**Information shown:**
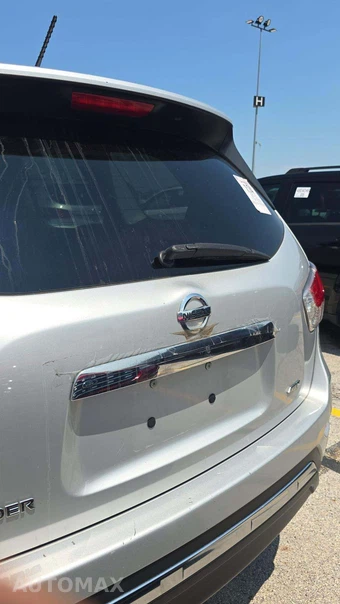 2015 Nissan Pathfinder S – miniatura 33
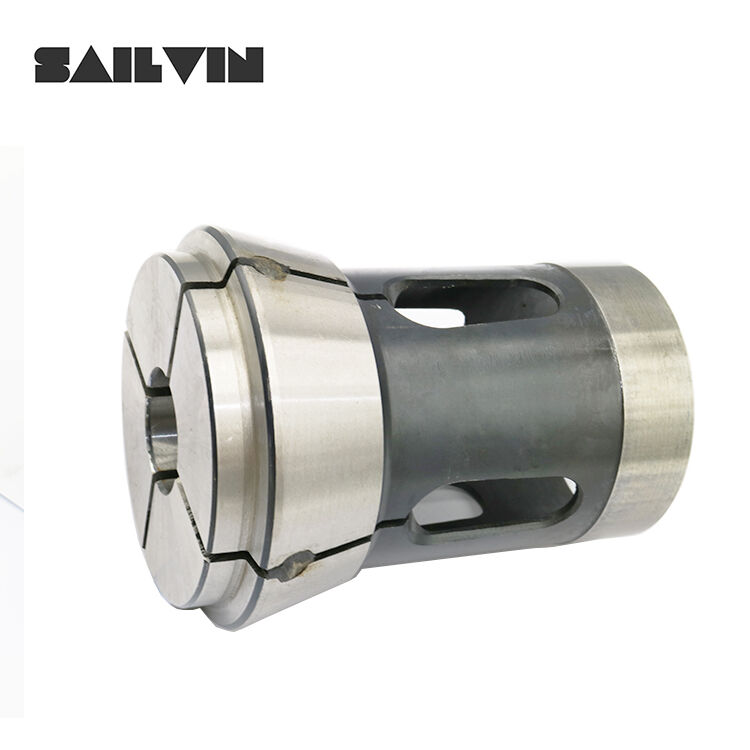 Pull Back Type DIN6343 Collet 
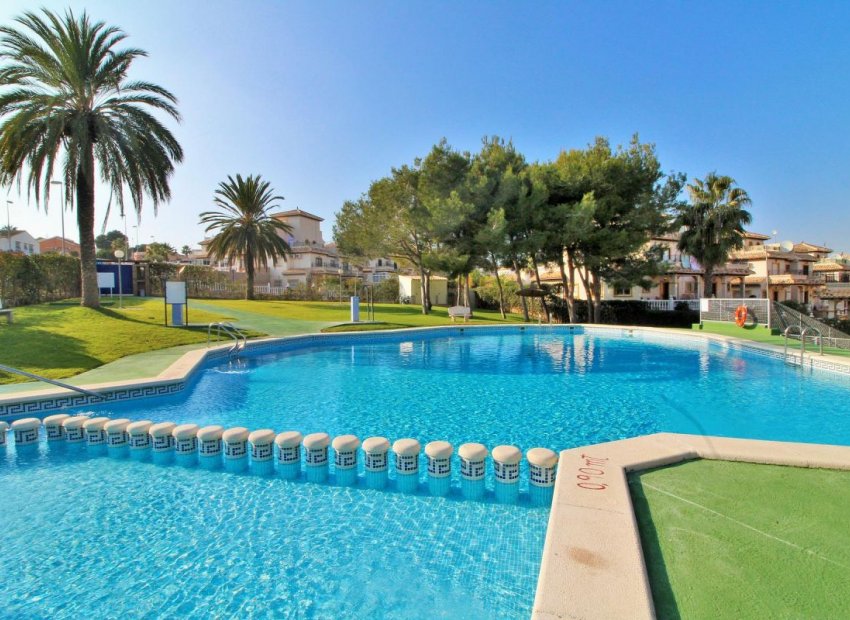 Herverkoop - Rijwoning - Villamartin - Villamartín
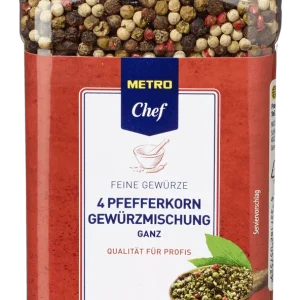 WIBERG Pfeffer Bunt Geschrotet (470 Ml) 19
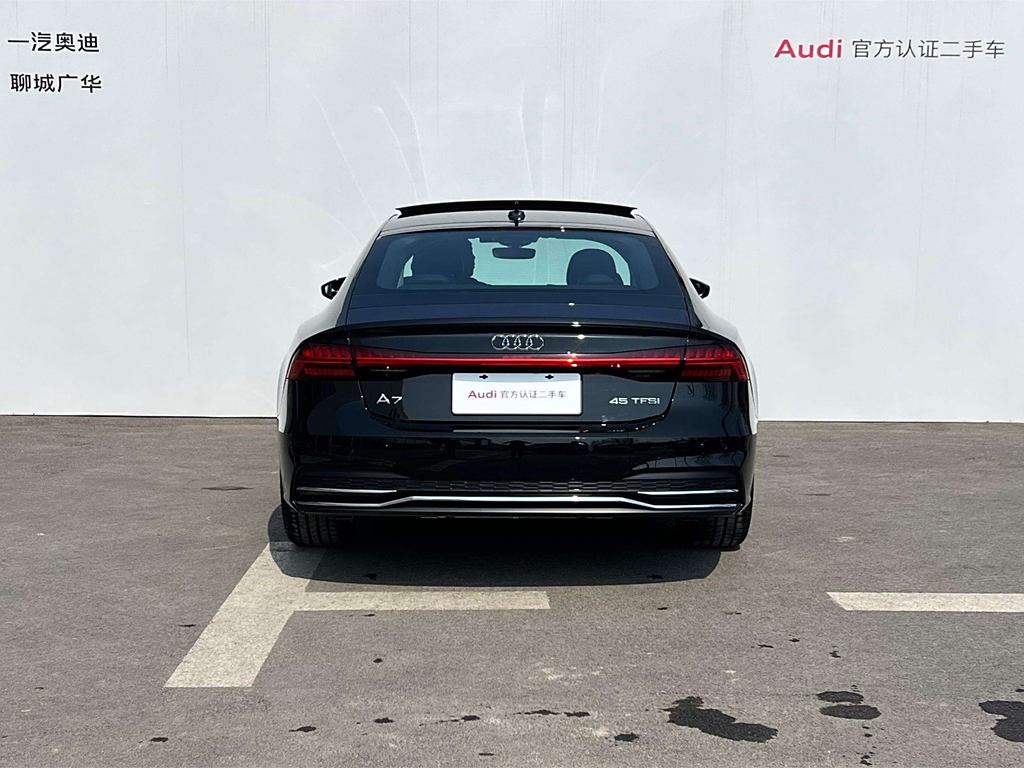 Audi A7 2023 45 TFSI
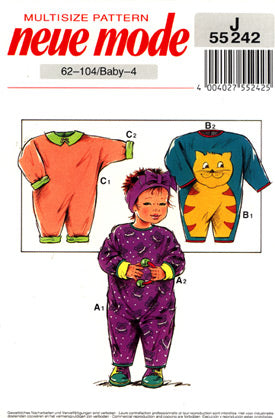 Neue Mode 55242neu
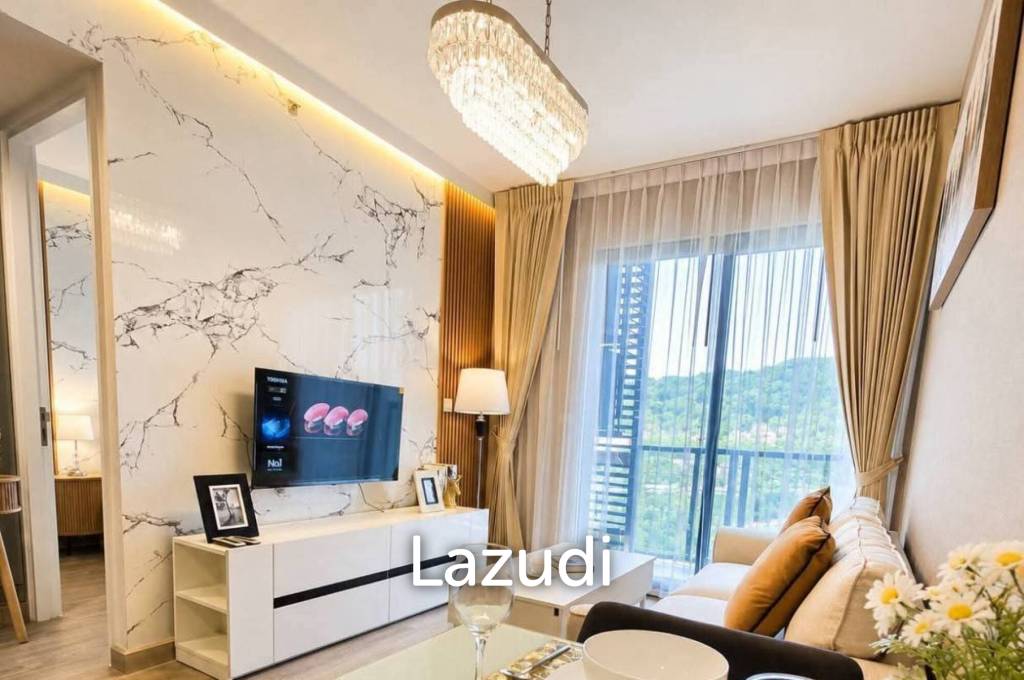 picture Newly Renovated 1-Bedroom Condo at Unixx South Pattaya - 7/15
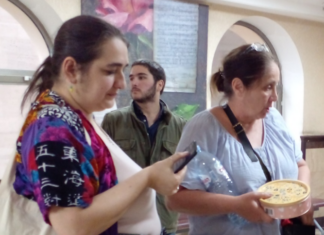 დააკავეს თუ არა ნატა ფერაძე, რომელმაც პოლიციელს სიტყვიერი შეურაცხყოფა მიაყენა – უახლესი ინფორმაცია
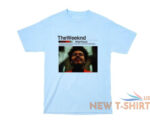 the weeknd merch the weeknd after hours photo tee shirt black 1.jpg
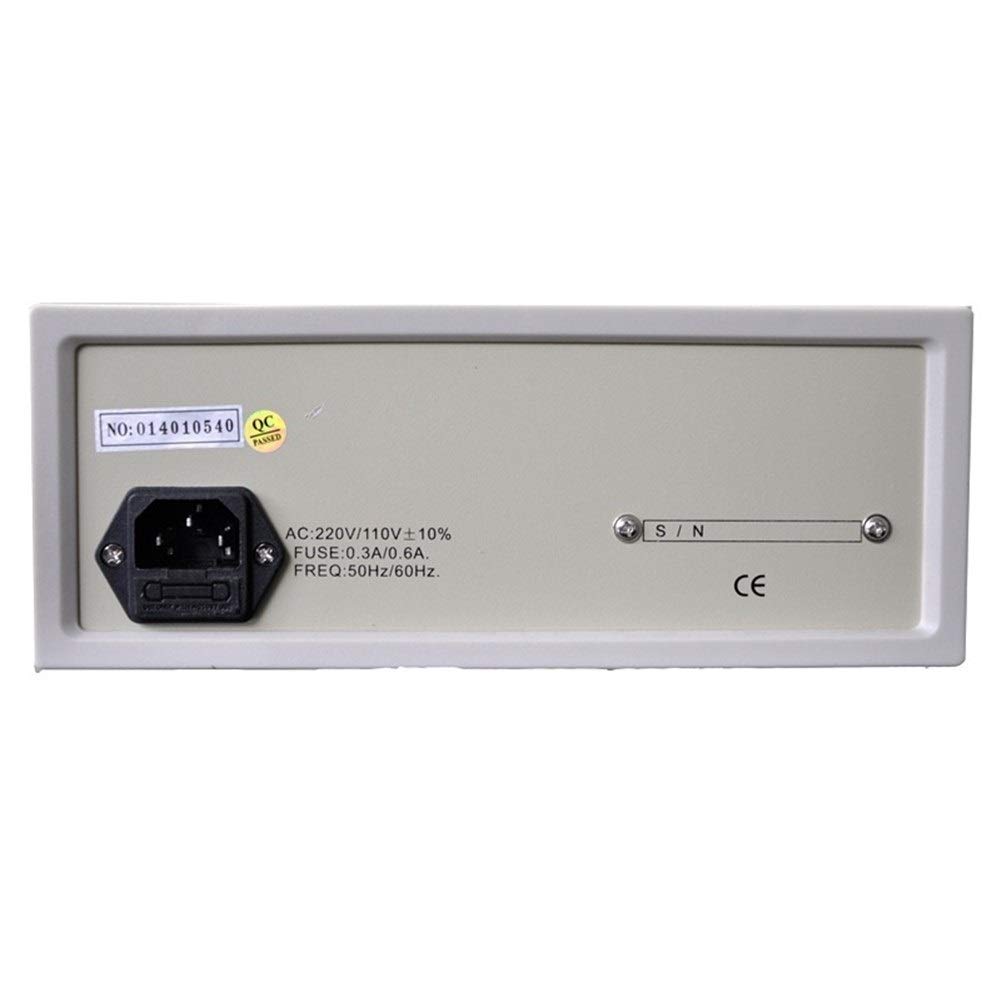 Mag-203AD Digital Signal Generator Sygnał niskiej częstotliwości źródło sygnału dźwięku Generator sygnału sygnału Dokładny pomiar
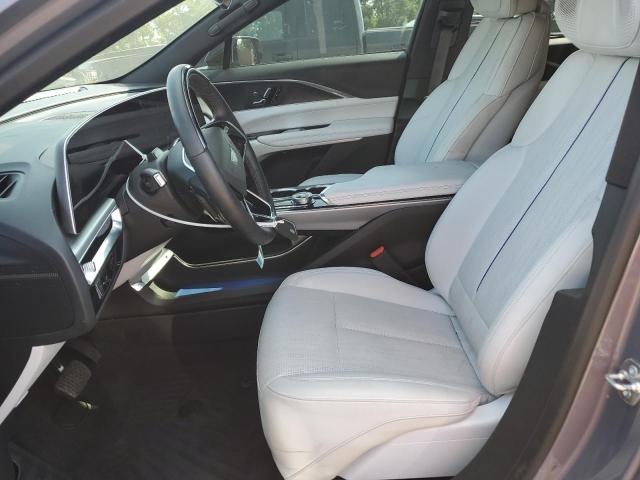 66352295 :رقم المزاد ، 1GYKPRRL5RZ123687 vin ، 2024 Cadillac Lyriq Luxu مزاد بيع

**What the task requires:** Your copy should hold the lines from the one with "დააკავეს თუ არა" up to and including the one with "Mag-203AD Digital Signal", exactly as in the data above, and no pictures.

**Task output:**
 დააკავეს თუ არა ნატა ფერაძე, რომელმაც პოლიციელს სიტყვიერი შეურაცხყოფა მიაყენა – უახლესი ინფორმაცია
 the weeknd merch the weeknd after hours photo tee shirt black 1.jpg
 Mag-203AD Digital Signal Generator Sygnał niskiej częstotliwości źródło sygnału dźwięku Generator sygnału sygnału Dokładny pomiar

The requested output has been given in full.